((

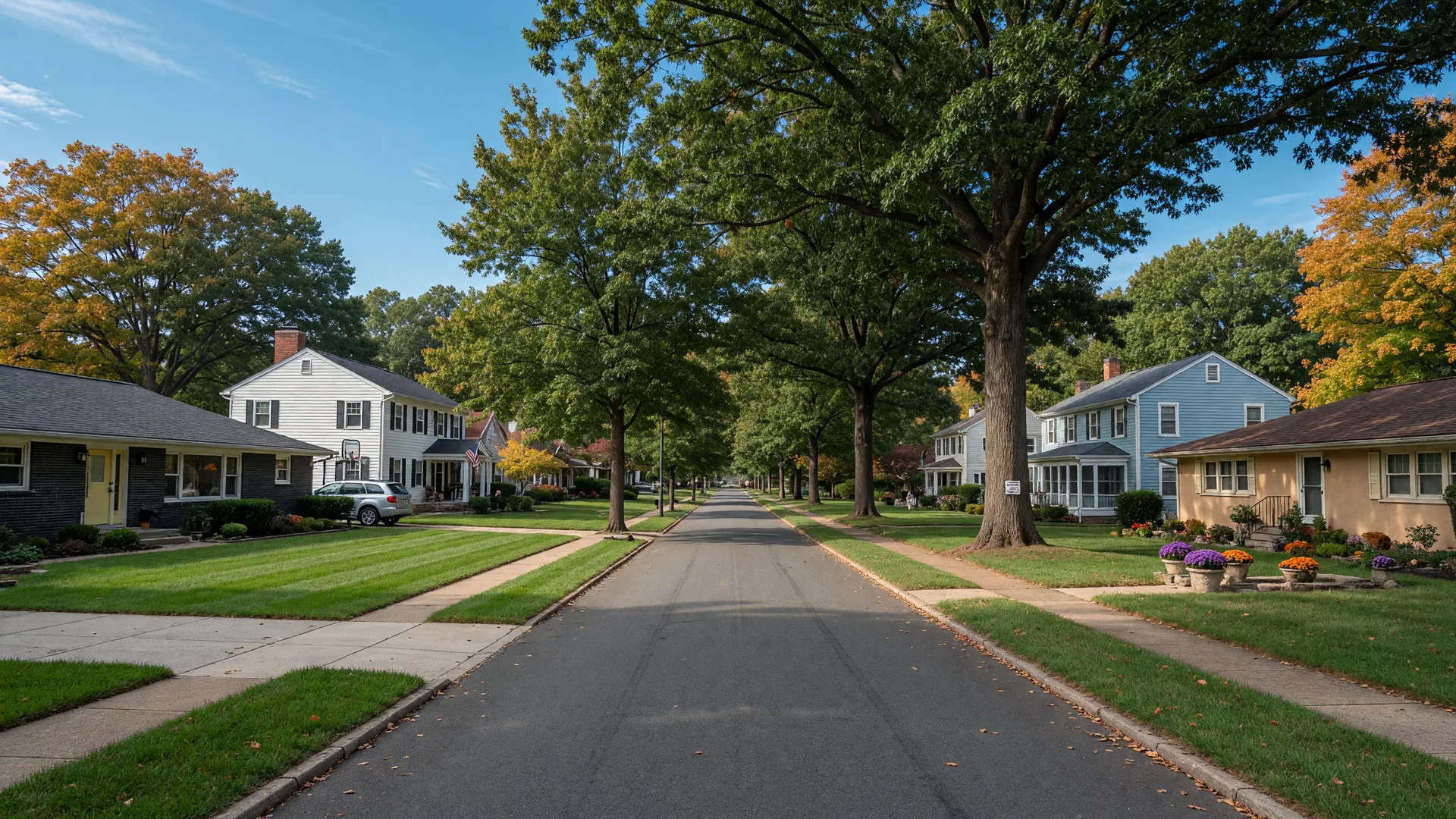 A tree-lined single-family home street in a Silver Spring neighborhood on a bright day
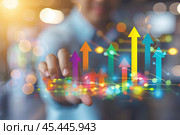 Increased profits. Benchmarking. Businessman analyzes profitability of working companies with digital augmented reality graphics, positive indicators, growing up graph and charts, colorful arrows. Стоковое AI-изображение, AI-художник Марина Демидюк / Фотобанк Лори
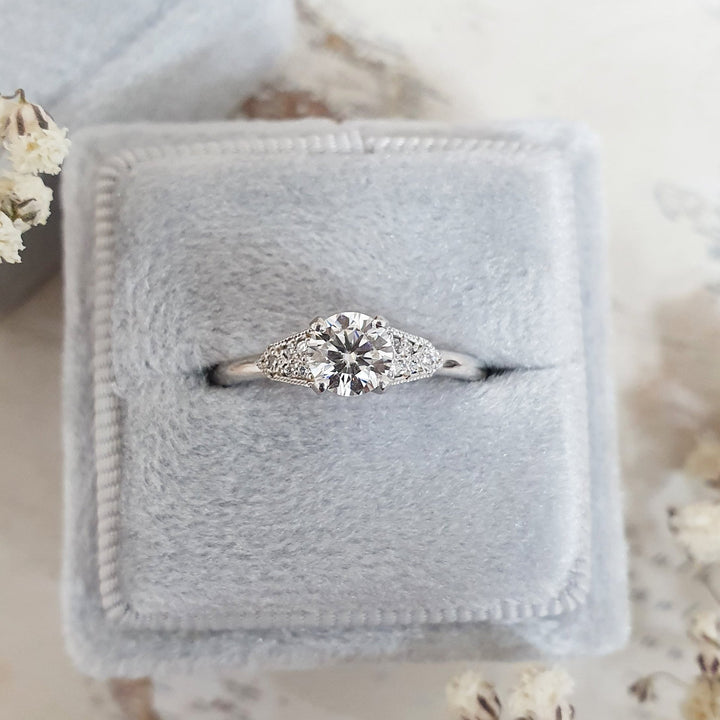 0.50CT round milgrain lab grown diamond engagement ring for sale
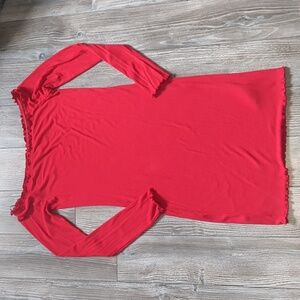 BOGO!! H&M Red Ribbed Off the Shoulder Bodycon Dress Size 2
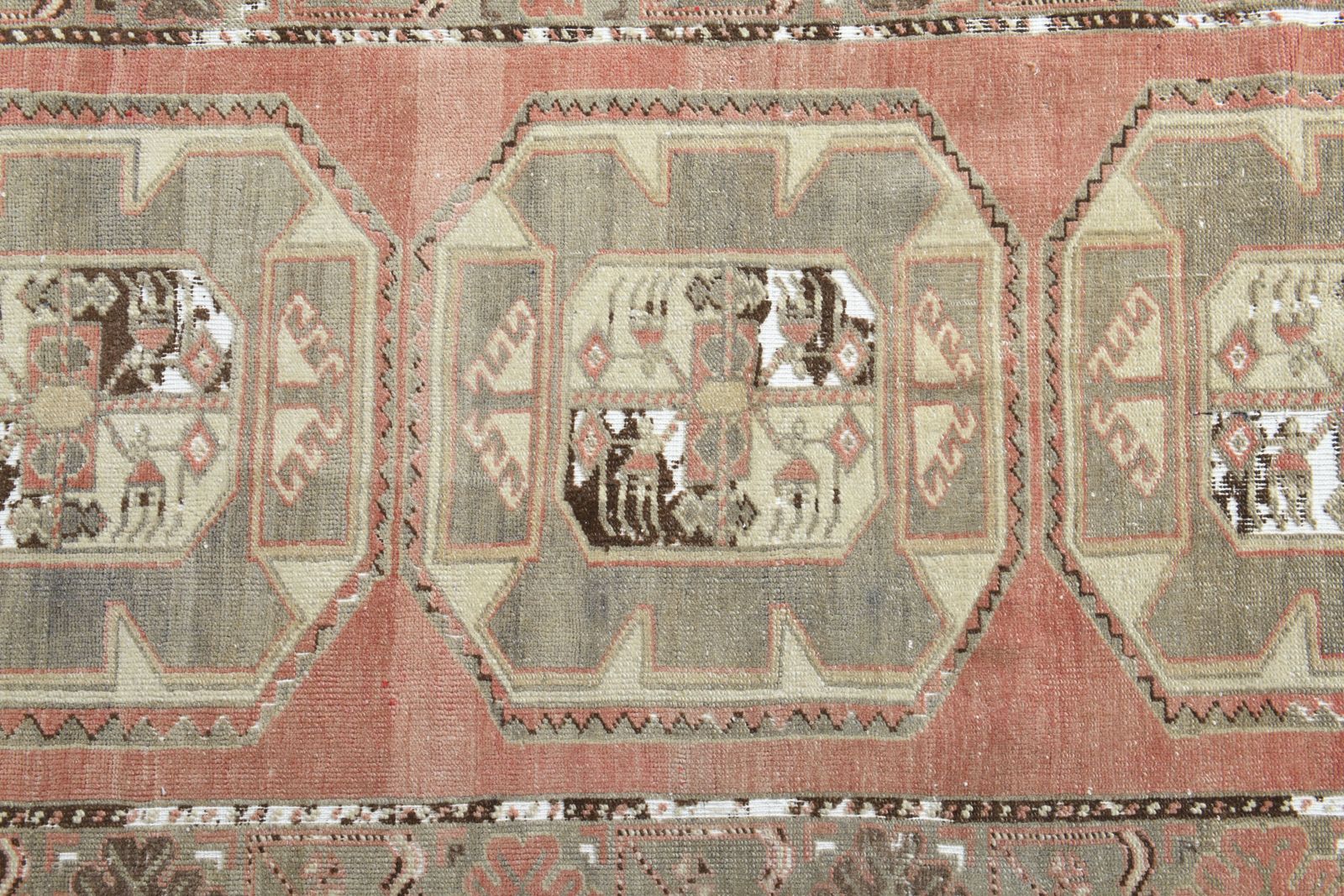 3x5'9 Ft, Orange Vintage Turkish Short Runner, Farmhouse Decor, Wool, Handmade Oushak Rug, Kitchen Decor, Stair Decor, Hallway Carpet, Washable photo Textiles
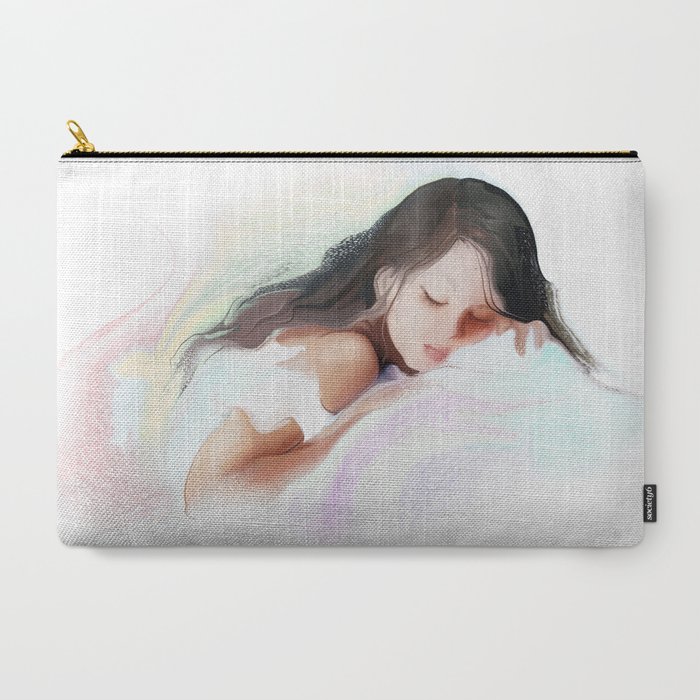 Adorable Little Girl Sleep In The Bed Carry All Pouch By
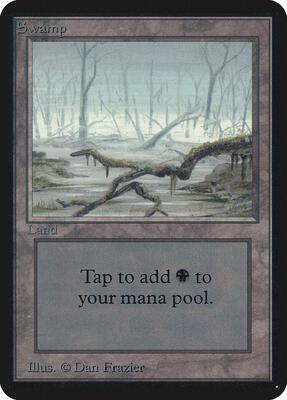 Swamp (A) card from Alpha Edition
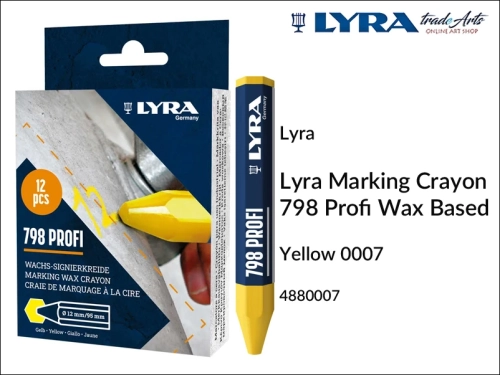 Lyra Marking Crayon 798 Profi Wax Yellow 007 do znakowania drewna i metali, Lyra Marking Crayon 798 Profi Wax Yellow 007 kreda woskowa żółta do znakowania drewna i ceramiki, kreda woskowa do znakowania drewna i kamienia Lyra Marking 798,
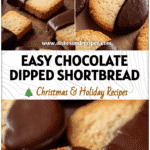 Chocolate-Dipped Shortbread Cookies for Easy Indulgence 5 Golden shortbread cookies half dipped in glossy chocolate arranged on a baking tray.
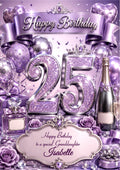 25th Birthday Card For Girls, womem, Daughter, Granddaughter, Niece, Sister, Perfume, Bubbles, Floral E979-5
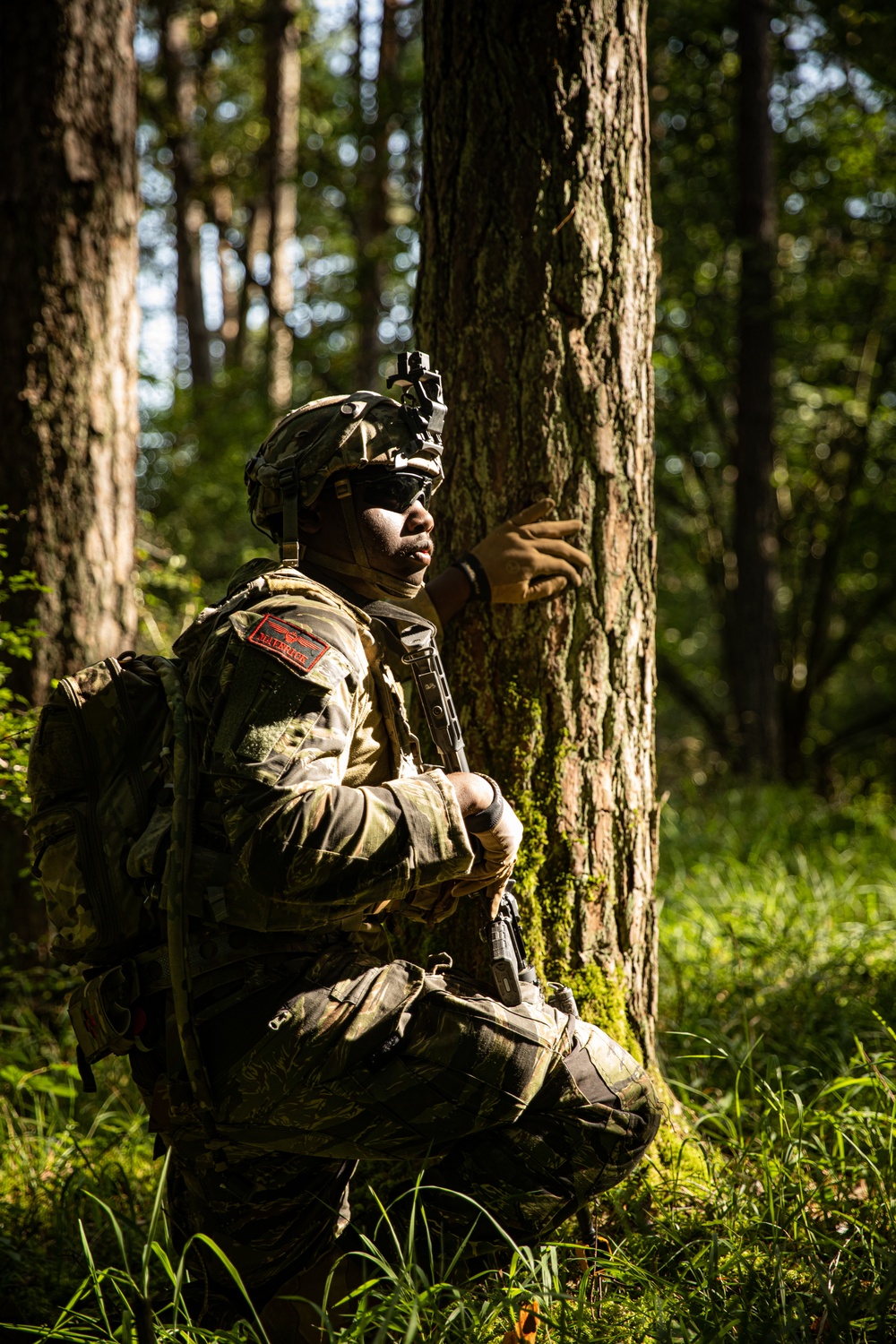 Opposing forces patrol during Saber Junction exercise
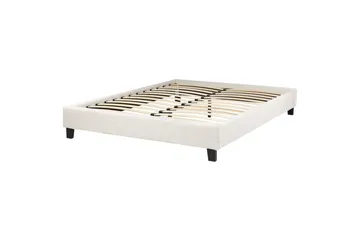 Dubbelsäng Beliani Roanne med lamellram Beige-Mörkt Trä, 140x200 cm, Bouclé Beige 140x200 VALUE_MISSING_2 - Møbler - Senger - Dobbeltsenger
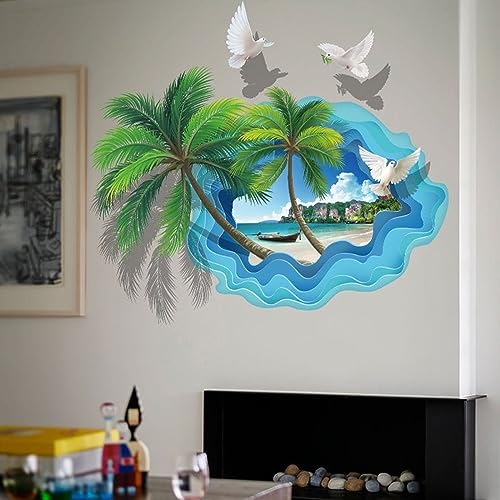 3D Beach Coconut View Wall Stickers Art Decor Summer Seascape Wall Sticker Removable Ocean Beach Wall Decals For Bedroom Kids Room Mural Home Gift #TOP5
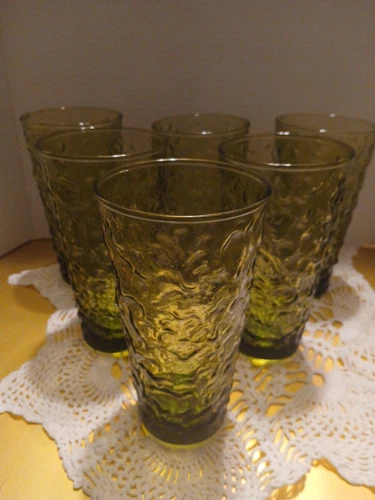 6 VTG Anchor Hocking Lido Milano Avacado Green Crinkle Glass Tumblers 6 3/4" HT.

))

== EXERCISE REQUIREMENTS ==
Exact repeats of the lines from the first one in the data through the line containing "3D Beach Coconut" make up the answer. Pictures do not.

== ANSWER TO THIS TASK ==
 A tree-lined single-family home street in a Silver Spring neighborhood on a bright day
 Increased profits. Benchmarking. Businessman analyzes profitability of working companies with digital augmented reality graphics, positive indicators, growing up graph and charts, colorful arrows. Стоковое AI-изображение, AI-художник Марина Демидюк / Фотобанк Лори
 0.50CT round milgrain lab grown diamond engagement ring for sale
 BOGO!! H&M Red Ribbed Off the Shoulder Bodycon Dress Size 2
 3x5'9 Ft, Orange Vintage Turkish Short Runner, Farmhouse Decor, Wool, Handmade Oushak Rug, Kitchen Decor, Stair Decor, Hallway Carpet, Washable photo Textiles
 Adorable Little Girl Sleep In The Bed Carry All Pouch By
 Swamp (A) card from Alpha Edition
 Lyra Marking Crayon 798 Profi Wax Yellow 007 do znakowania drewna i metali, Lyra Marking Crayon 798 Profi Wax Yellow 007 kreda woskowa żółta do znakowania drewna i ceramiki, kreda woskowa do znakowania drewna i kamienia Lyra Marking 798,
 Chocolate-Dipped Shortbread Cookies for Easy Indulgence 5 Golden shortbread cookies half dipped in glossy chocolate arranged on a baking tray.
 25th Birthday Card For Girls, womem, Daughter, Granddaughter, Niece, Sister, Perfume, Bubbles, Floral E979-5
 Opposing forces patrol during Saber Junction exercise
 Dubbelsäng Beliani Roanne med lamellram Beige-Mörkt Trä, 140x200 cm, Bouclé Beige 140x200 VALUE_MISSING_2 - Møbler - Senger - Dobbeltsenger
 3D Beach Coconut View Wall Stickers Art Decor Summer Seascape Wall Sticker Removable Ocean Beach Wall Decals For Bedroom Kids Room Mural Home Gift #TOP5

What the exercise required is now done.